Мы опередили его на два перехода.
44
На одном из уступов взгорья, высящегося над продовольственной базой, мы сооружаем новое помещение для наших курсов. Все учащиеся теперь уже на месте. Они сами берутся за работу, кто при помощи «боло», а кто просто голыми руками, и за три дня новое помещение готово. В законченном виде ойо представляет собой обширный навес с одной лишь стеной сзади. На одном из концов длинного помоста с неровным и сучковатым настилом устроен очаг, а ряды бревен для сидений установлены прямо перед помостом, чтобы учащиеся могли легко сбрасывать с себя одеяла или накрываться ими. В качестве школьной доски мы прибиваем гвоздиками все то же «пончо» (потрескавшееся и истертое, так как мы использовали его для упаковки поклажи во время последнего перехода) — и наши курсы можно считать открытыми.

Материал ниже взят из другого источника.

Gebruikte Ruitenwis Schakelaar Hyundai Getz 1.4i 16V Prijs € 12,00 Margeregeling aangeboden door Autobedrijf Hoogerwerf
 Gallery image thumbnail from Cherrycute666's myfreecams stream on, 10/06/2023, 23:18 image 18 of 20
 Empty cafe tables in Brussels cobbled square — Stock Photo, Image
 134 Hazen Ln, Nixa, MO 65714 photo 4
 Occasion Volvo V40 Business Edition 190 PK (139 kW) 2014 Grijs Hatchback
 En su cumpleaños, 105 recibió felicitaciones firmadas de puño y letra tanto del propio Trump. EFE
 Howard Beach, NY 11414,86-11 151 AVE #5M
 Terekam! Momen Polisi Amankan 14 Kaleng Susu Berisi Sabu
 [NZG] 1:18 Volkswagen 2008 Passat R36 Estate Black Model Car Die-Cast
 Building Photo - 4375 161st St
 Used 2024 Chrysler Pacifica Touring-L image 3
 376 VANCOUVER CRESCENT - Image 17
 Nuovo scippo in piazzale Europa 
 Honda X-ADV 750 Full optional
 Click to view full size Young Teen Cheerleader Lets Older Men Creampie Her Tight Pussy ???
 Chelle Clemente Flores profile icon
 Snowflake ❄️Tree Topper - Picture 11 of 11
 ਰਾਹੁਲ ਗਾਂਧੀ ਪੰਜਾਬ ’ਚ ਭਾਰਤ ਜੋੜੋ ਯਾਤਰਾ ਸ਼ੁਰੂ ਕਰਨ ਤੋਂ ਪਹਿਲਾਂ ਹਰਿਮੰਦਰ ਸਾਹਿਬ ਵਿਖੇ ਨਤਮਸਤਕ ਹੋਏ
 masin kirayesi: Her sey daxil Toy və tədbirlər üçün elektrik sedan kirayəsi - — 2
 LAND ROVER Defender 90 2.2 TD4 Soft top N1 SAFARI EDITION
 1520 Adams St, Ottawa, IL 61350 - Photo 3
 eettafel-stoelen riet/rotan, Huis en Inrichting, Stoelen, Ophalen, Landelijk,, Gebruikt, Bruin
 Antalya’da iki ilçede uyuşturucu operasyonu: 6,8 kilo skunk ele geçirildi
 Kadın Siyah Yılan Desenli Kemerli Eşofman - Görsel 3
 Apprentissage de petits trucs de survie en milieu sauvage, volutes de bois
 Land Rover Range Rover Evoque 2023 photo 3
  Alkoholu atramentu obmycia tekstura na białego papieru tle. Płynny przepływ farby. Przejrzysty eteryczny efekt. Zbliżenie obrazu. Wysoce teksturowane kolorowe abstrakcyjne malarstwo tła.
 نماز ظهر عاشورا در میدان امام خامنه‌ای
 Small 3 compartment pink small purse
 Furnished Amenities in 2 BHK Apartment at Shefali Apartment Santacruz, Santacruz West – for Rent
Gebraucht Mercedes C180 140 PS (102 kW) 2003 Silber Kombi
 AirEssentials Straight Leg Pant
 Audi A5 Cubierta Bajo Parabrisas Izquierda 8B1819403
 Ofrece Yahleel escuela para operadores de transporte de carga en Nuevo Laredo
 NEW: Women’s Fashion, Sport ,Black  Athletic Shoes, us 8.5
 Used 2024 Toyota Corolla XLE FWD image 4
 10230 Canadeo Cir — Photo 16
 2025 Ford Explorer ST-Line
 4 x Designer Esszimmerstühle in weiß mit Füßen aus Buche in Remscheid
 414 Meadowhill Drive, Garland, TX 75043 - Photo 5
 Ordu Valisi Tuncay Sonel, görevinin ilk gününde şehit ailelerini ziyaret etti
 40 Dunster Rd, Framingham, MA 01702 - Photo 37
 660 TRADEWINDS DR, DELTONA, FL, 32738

Учащиеся настояли на том, чтобы устроить школьный дворик. При помощи граблей, сделанных из прутьев, они расчистили грунт на всем участке уступа, сделав его гладким, словно учебный плац под сенью деревьев. Здесь они рано утром делают зарядку, а пополудни прогуливаются с книгой в руках, подобно всем другим учащимся-выпускникам. Во дворике, примыкая к помещению курсов, высится огромное дерево с выступающими корнями в человеческий рост (ради этих корней и расчистили участок уступа). Здесь курсанты сделали укромный уголок с сиденьями, вырезанными в корнях, где они собираются, обсуждая вопросы, которые входят в программу наших курсов. Все они горят огромным желанием учиться, чтобы надежнее подготовиться к борьбе.
Я несколько робею перед этими людьми, которых мне предстоит обучать. Они прибыли сюда, пробившись через вражеские кордоны и преодолев большие расстояния. Новая линия снабжения пока еще не налажена, приходится резко сократить обычный паек наших учащихся. Однако они не унывают и требуют начать занятия.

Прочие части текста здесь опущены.